Computer Science Program, Computer, Electrical and Mathematical Sciences and Engineering Division (CEMSE), King Abdullah University of Science and Technology (KAUST), Thuwal, Saudi Arabia.
Computational Bioscience Research Center (CBRC), King Abdullah University of Science and Technology (KAUST), Thuwal, Saudi Arabia.
Sci Rep. 2023 Mar 27;13(1):4979. doi: 10.1038/s41598-023-30904-5.

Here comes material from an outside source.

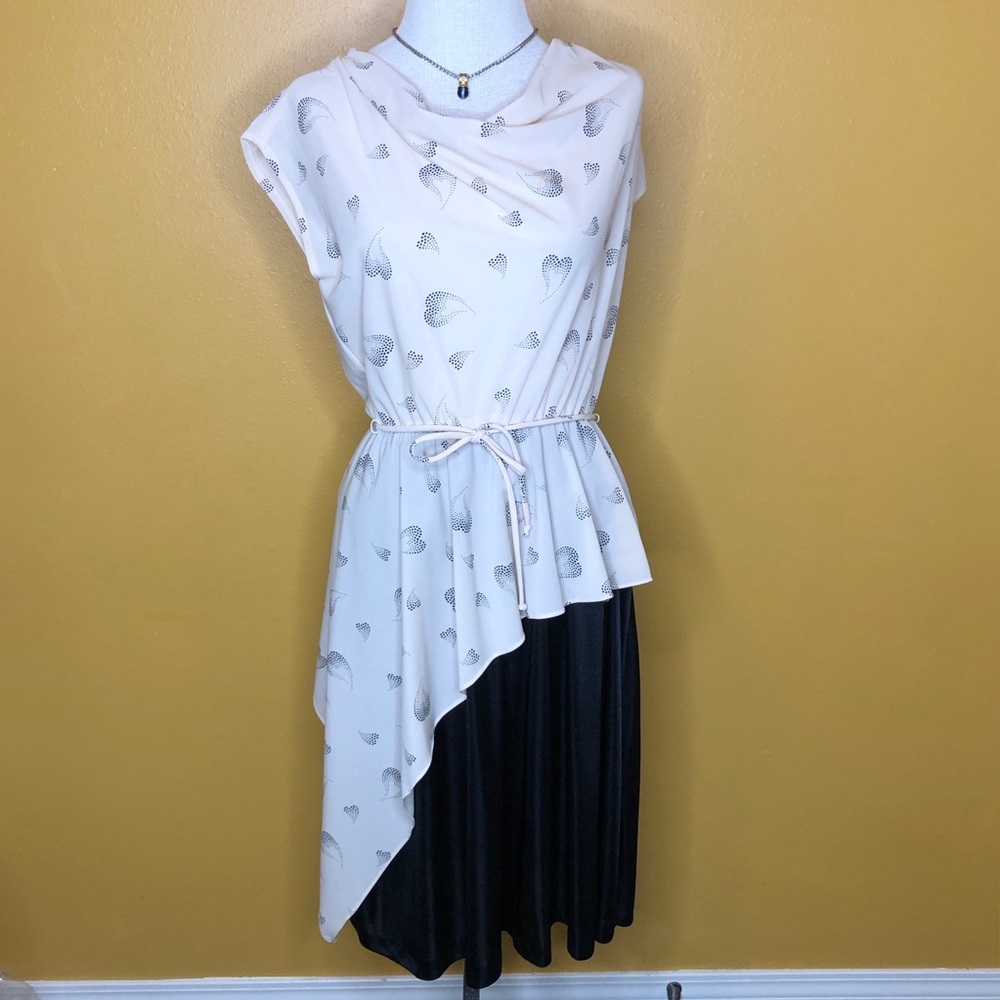 Mara J Jrs Vintage Cream & Black Dress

We still do not have an effective treatment for Alzheimer's disease (AD) despite it being the most common cause of dementia and impaired cognitive function. Thus, research endeavors are directed toward identifying AD biomarkers and targets. In this regard, we designed a computational method that exploits multiple hub gene ranking methods and feature selection methods with machine learning and deep learning to identify biomarkers and targets. First, we used three AD gene expression datasets to identify 1/ hub genes based on six ranking algorithms (Degree, Maximum Neighborhood Component (MNC), Maximal Clique Centrality (MCC), Betweenness Centrality (BC), Closeness Centrality, and Stress Centrality), 2/ gene subsets based on two feature selection methods (LASSO and Ridge). Then, we developed machine learning and deep learning models to determine the gene subset that best distinguishes AD samples from the healthy controls. This work shows that feature selection methods achieve better prediction performances than the hub gene sets. Beyond this, the five genes identified by both feature selection methods (LASSO and Ridge algorithms) achieved an AUC = 0.979. We further show that 70% of the upregulated hub genes (among the 28 overlapping hub genes) are AD targets based on a literature review and six miRNA (hsa-mir-16-5p, hsa-mir-34a-5p, hsa-mir-1-3p, hsa-mir-26a-5p, hsa-mir-93-5p, hsa-mir-155-5p) and one transcription factor, JUN, are associated with the upregulated hub genes. Furthermore, since 2020, four of the six microRNA were also shown to be potential AD targets. To our knowledge, this is the first work showing that such a small number of genes can distinguish AD samples from healthy controls with high accuracy and that overlapping upregulated hub genes can narrow the search space for potential novel targets.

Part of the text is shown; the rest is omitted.